Kevin: This episode has the virtue of being both a well-executed comedy and a pretty strong science fiction backbone, almost too many science fiction concepts at once. We have androids, and the question of human consciousness in artificial containers. We have technology running amok and taking over and unintended consequences. We have the question of how much conflict and strife humans may actually need to thrive. We even have a fairly good discussion of the nature of thought and creativity.

Matthew: I was disappointed by the unceremonious dropping of the immortality concept, yet again. I also felt that the setup was pretty much ripped straight from the pages of "What Are Little Girls Made Of?" I think this might be an indication that things are changing slightly in Season Two. It's not to a terrible point yet, but we're seeing some recycling.

Kevin: I enjoy that all the secondary characters got to play in this episode, Uhura even getting to be the early lynchpin of a plan. It's always nice when the ensemble gets to be an ensemble.

Matthew: Dialogue is definitely the strong point, and the comedy, especially in the final dig at Harry Mudd. The writers clearly know what they have to work with, because they write scenes specifically keyed to the chemistry between Mudd/Kirk, as well as the rest of the cast each getting their own comic bit. So for as much conceptually as I think this episode punts, it nails the execution of characters.

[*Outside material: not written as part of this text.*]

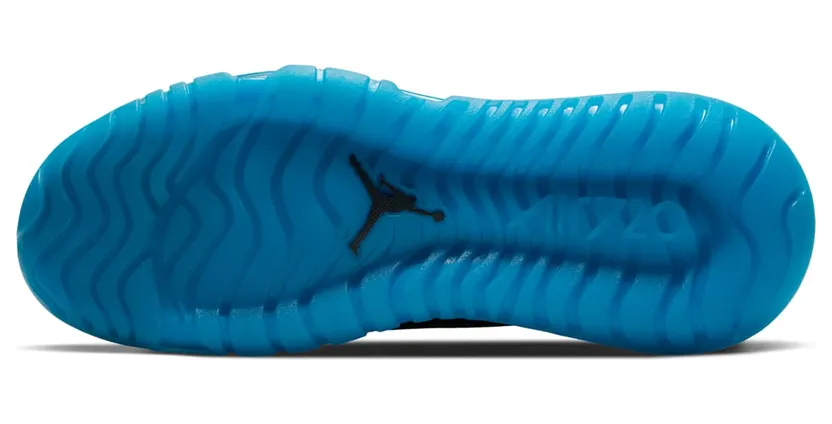 nike-jordan BV5502-004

Kevin: The problems I think that keep this episode from being spectacular is that none of these concepts gets explored too deeply and the solution is terribly pat and a retread of the "Kirk defeats computer with logical conundrum." Aside from that, the team of Stellas harassing Mudd for all eternity was a pretty satisfying scene, as was the required banter between Spock and McCoy at the end about Spock having to return to his illogical colleagues.

Matthew: I do appreciate yet another philosophy reference, the "liar's paradox." I am told there is a solution, but it involves a lot of big words and symbolic logic. So I'll not try it here.


Kevin: I will say the comedy in this episode is very strong, but that may owe more to the acting than the writing per se. Roger C. Carmel turns in another great performance as Harry Mudd. It was also fun watching everyone be tempted by the pleasures of this world. Uhura particularly did a good job of allowing herself a moment to be dazzled.  I gotta say, sign me up. A staff of pliant customizable hot people who do whatever I want and I can still have tons of projects to work on to keep me from going senile. Plus, the whole immortal thing. What is not to love? Really.

Matthew: Yes, although Sulu is again on vacation with John Wayne (George Takei was filming "The Green Berets" during about half of Season Two), which prevented us from seeing images of Sulu sneaking peeks at the crotch bulges of the male androids, the rest of the cast got plenty to do, which was great. The actors are all so charming that it brings an episode up whenever this "ensemble" thing occurs. Faults become easier to forgive, fun increases. This is definitely at play here.

Kevin: The androids turns in fairly flat performances, and while that's obviously intentional, it just doesn't make for the best viewing.

Matthew: I for one found the pantomime with the "bomb" to be a little painful to watch. You can chalk it up to writing (would that really completely flummox 500,000 year old android intelligences?), but the acting didn't save it, either.

Production Values

Kevin: The sets are great, and classic Trek. They clearly put a lot of resources into these sets, and one of the times that spending the episode off-ship yields no downside production wise.The scene when Norman shows off his android innards was particularly good, especially for the time.

Matthew: The Norman "innards" scene was remastered pretty well, with an even better internal construction. You can see it in the link we provided above for the episode. I found it interesting that Scotty was waxing rhapsodic over the facilities, when the equipment he was marveling over was a pretty obvious re-use of the doohickey from McCoy's sickbay. But I do agree, the planet sets, even for a near-"bottle show," were atmospheric. It really made you think about staying there for the rest of your life, hot android sex slaves or not. I wonder how the feel would have changed if they had been in an idyllic, pastoral landscape? Bronson Canyon perhaps?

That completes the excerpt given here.